À l’heure actuelle, le district de Brčko fonctionne sous la double tutelle de la Fédération de Bosnie-Herzégovine et de la Republika Srpska. Il n’est donc pas une entité à part entière, car non autonome, mais une zone neutre, où les décisions politiques doivent se faire à l’aide d’un consensus entre les deux composantes du pays.
Pour ne pas accentuer l’aspect d’enclave institutionnalisée, les autorités internationales ont veillé à ce que le district ne se dote pas d’une citoyenneté autonome, comme c’est le cas pour les entités constitutives de la Bosnie-Herzégovine. Dans le district, les habitants qui sont donc citoyens de Republika Srpska ou de la Fédération le demeurent.
Au quotidien, la région est gouvernée à la fois par le Maire de la ville et par un superviseur mandaté par l’ONU, ce qui en fait un mini-protectorat international. En tant que tel, le corridor possède la spécificité de devoir satisfaire le plus possible chaque communauté. De ce fait, les signalisations et services administratifs fonctionnent dans les trois langues : bosnien, serbe et croate et les alphabets latin et cyrillique sont utilisés de la même manière.

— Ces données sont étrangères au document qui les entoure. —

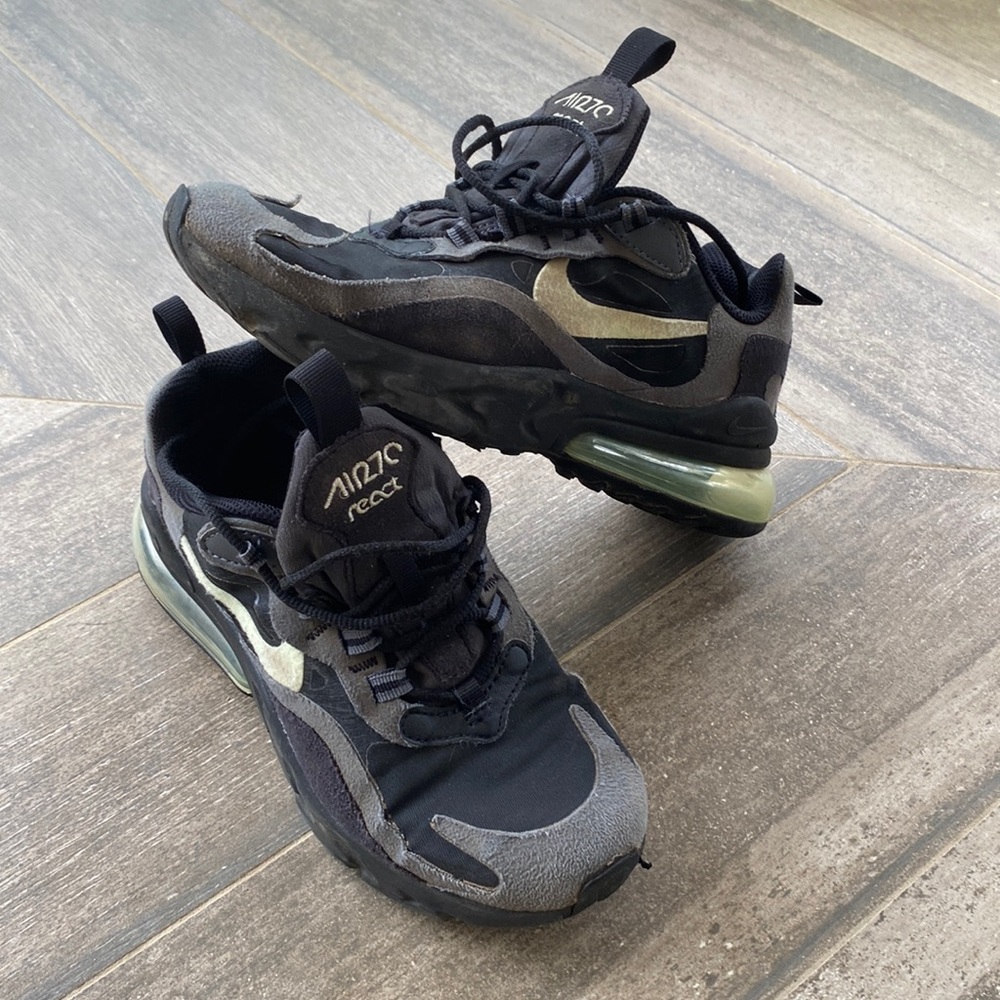 Boys Nike Air Max 270 size 4Y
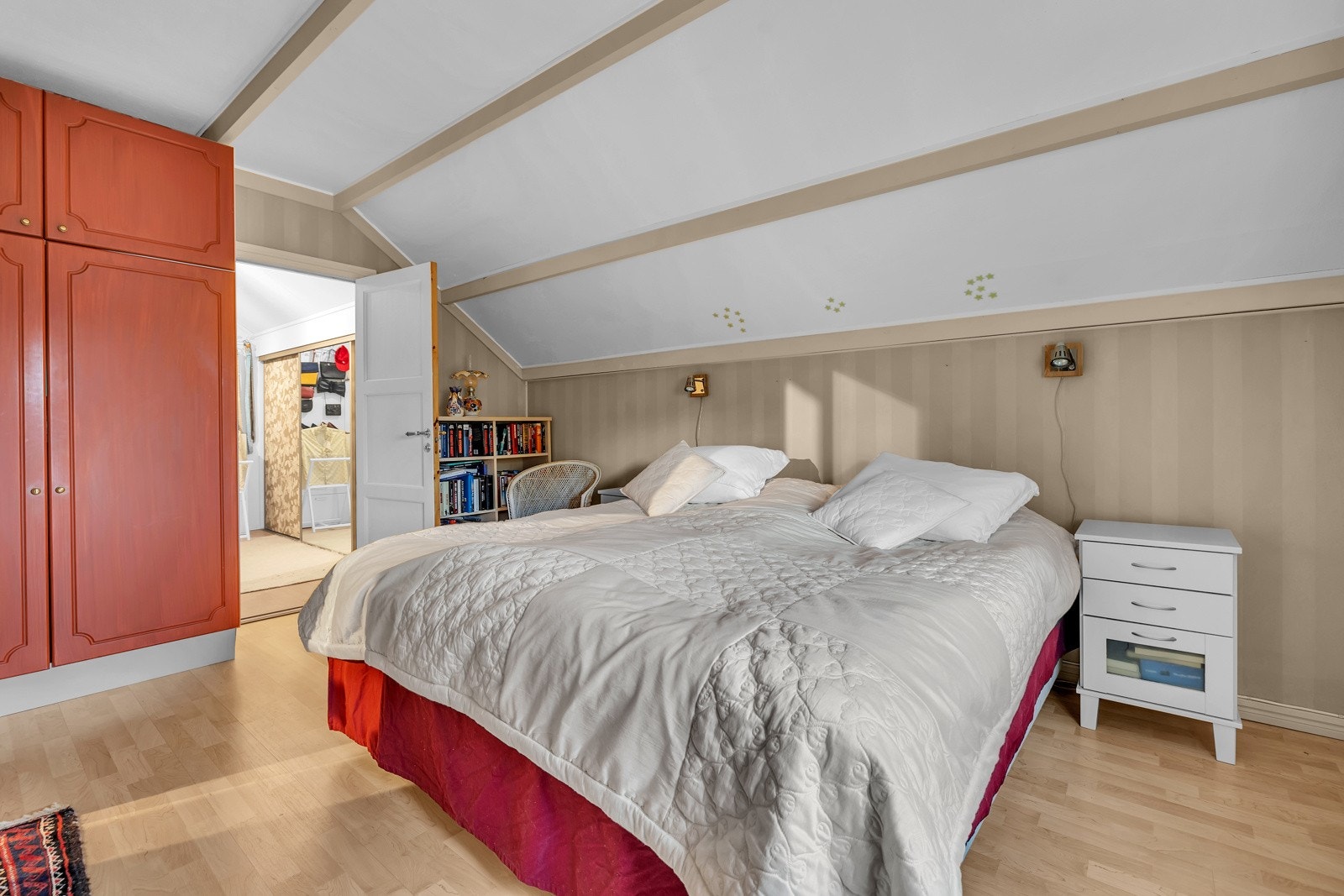 Fra soverom 2 ledes du til soverom 3 som i dag nyttes som walk-in garderobe Galleribilde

Brčko est donc devenu un îlot aux frontières informelles dans le puzzle bosnien. Ilot de neutralité, la zone est démilitarisée pour prévenir toute renaissance de tensions entre les différentes communautés présentes. Comme si le district était placé sous une cloche de verre, ses citoyens sont exemptés du service militaire selon les statuts édictés en 1999. Cela témoigne du fait que presque quinze ans après la fin du conflit en Bosnie-Herzégovine, cette région reste sous haute surveillance pour ne pas devenir le lieu de cristallisation des différentes tensions non encore résolues au sein de ce pays.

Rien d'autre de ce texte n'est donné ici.